Word for word, restate the lines of the listing below from the line with "Chuckit Ultra Tug" through the line with "Продам жеребчика 1.5 года", and do not include the pictures.

# DATASET:
"""

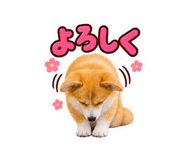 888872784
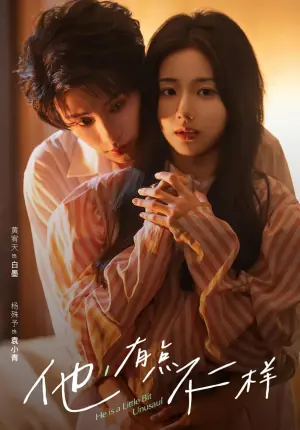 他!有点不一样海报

"""
"""

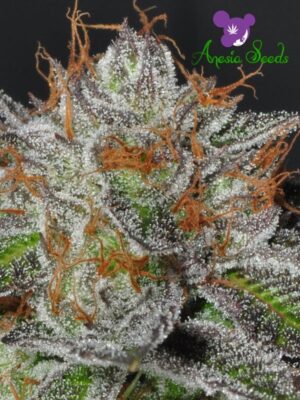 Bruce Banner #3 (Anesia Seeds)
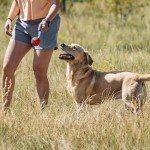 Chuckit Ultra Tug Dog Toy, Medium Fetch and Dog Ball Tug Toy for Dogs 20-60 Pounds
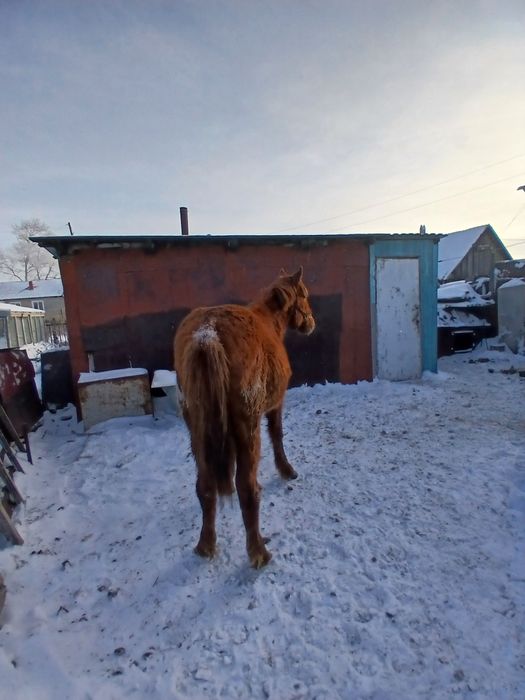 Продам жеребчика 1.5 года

"""
"""

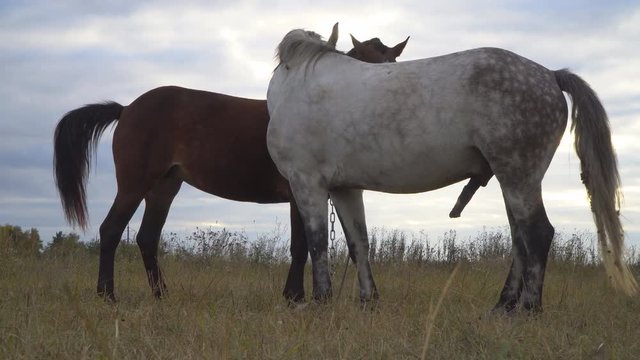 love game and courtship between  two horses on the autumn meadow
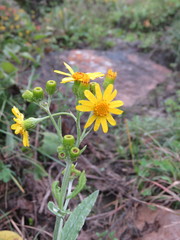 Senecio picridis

"""

# ANSWER BOX:
 Chuckit Ultra Tug Dog Toy, Medium Fetch and Dog Ball Tug Toy for Dogs 20-60 Pounds
 Продам жеребчика 1.5 года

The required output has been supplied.